De acordo com Giselle, a apropriação que cada um vai fazer do fetiche, é muito singular, pode ser algo que a pessoa usa na relação com o outro, ou que usa para ela mesma. “Por exemplo, o homem pode ter uma tara por calcinha. Então ele pega, cheira, e se masturba, algo totalmente solitário”.

Segundo a doutora, fala-se mais do fetichismo do lado do homem em relação à mulher, em que o objeto de fetiche auxilia o homem  a ter acesso à mulher. Giselle acredita ainda que para se pensar o fetichismo, é necessário se considerar que o campo de satisfações sexuais humanas é muito mais vasto do que o animal. Por conta disso, a sexualidade humana não é linear, e acontece em dois momentos distintos: tem a sexualidade infantil, que depois é interrompida por um período de latência; e tem o retorno da sexualidade, na adolescência.

A percepção da sexualidade

Giselle afirma que o fetichismo, de uma maneira ou de outra, está sempre presente dentro da sexualidade humana. Então, o que acontece, segundo ela, é um processo que vem desde a infância.

− Num primeiro momento, a criança conhece um sexo só, que seria regido pelo falo. Aí quando o menino se confronta com a menina, com a diferença sexual, ele vai achar que aquilo não é um outro sexo, e sim que o clitóris é um pênis pequenininho. Só que num determinado momento ele percebe que não é bem assim. Então como ele carece ainda dos recursos simbólicos para apreender as diferenças, ou seja, um sexo efetivamente como diferente do outro, ele vai pensar que falta aquilo que ele tem: então ele vai entender o outro sexo como algo que está desprovido do falo. Vai entender que se esse sexo não tem, é porque perdeu. Isso gera uma angústia no menino, que passa a achar que também pode “perder”. Para poder lidar com o feminino, ele renega esse fato que existe uma diferença, e no lugar dessa ausência ele vai colocar um objeto qualquer – explica a especialista.

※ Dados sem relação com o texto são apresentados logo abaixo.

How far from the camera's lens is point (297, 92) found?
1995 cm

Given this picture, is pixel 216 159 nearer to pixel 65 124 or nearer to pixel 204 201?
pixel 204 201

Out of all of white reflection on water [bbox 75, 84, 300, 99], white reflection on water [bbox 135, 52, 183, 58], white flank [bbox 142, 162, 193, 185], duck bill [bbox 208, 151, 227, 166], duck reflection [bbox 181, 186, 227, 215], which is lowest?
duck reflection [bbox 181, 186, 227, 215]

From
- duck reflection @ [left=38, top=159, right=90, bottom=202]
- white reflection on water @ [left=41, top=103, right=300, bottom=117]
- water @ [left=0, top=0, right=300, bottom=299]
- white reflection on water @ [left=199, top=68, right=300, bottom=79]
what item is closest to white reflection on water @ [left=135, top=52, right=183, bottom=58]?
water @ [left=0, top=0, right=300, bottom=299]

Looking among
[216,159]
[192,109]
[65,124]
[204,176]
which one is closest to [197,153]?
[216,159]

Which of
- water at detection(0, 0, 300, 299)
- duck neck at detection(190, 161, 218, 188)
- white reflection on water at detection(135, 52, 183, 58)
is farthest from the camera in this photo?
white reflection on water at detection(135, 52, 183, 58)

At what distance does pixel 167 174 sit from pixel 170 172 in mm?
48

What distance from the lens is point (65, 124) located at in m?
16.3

Dessa forma, o fetiche remeteria à primeira infância, onde o sujeito coloca no lugar dessa ausência, uma imagem qualquer, que vai edificar o fetiche.

De acordo com Giselle, há muitos fetichismos associado ao uso de peles (uma versão para os pelos pubianos), à sedas e calcinhas pretas, elementos que “ estão um pouquinho antes de uma coisa que você não entende o que é”, pela falta do recurso simbólico. Ainda há casos como fetiches por sapatos ou dos próprios pés, taxando a visão do sexo feminino para essa parte do corpo.

Tratamento

De acordo com a psicanalista, na vida adulta o homem sabe que a mulher é um sexo diferente do dele, mas no inconsciente todas essas coisas convivem lado a lado, não há discordâncias, e tudo permanece atual. Então embora se tenha uma compreensão consciente de determinadas coisas, a conduta é movida por questões inconscientes que não revelam a menor idéia.

− O tratamento será uma construção dessa fantasia, para poder ir desmontando toda ela, fazendo com que o sujeito fique menos refém desse objeto que condiciona a satisfação social dele. Ele poder ir pouco a pouco abrindo mão disso, e tendo a possibilidade de uma vida social mais fluida. É um processo de análise – enfatiza.

Giselle alerta que o indivíduo só será passível de análise se fizer alguma questão disso, por algum motivo, e que a condição de tratamento também vai ser de ele interrogar essa montagem, essa cena fantasmática que ele constrói para dar consistência a esse objeto. A direção do tratamento, assim, seria interrogar essa cena.

Segundo ela, as pessoas estranham o comportamento, mas como aquilo favorece a satisfação, não procuram ajuda, elas podem vir por uma outra questão, e no próprio tratamento o psicanalista vai situando o fetichismo.

− É mais difícil um fetichista vir se tratar para abrir mão disso, do que um neurótico vir se tratar por conta de um sintoma, porque no sintoma o neurótico sofre com aquilo, e o fetichista não. É interessante a gente ver que o sujeito geralmente não se queixa da questão, porque para ele, o objeto de fetiche dá acesso à satisfação sexual − justifica.

Da perspectiva da psicanálise, Giselle aproximaria o fetichismo às outras parafilias tratadas pela relação com a castração difícil, e por uma fixação da sexualidade numa determinada posição mais infantil.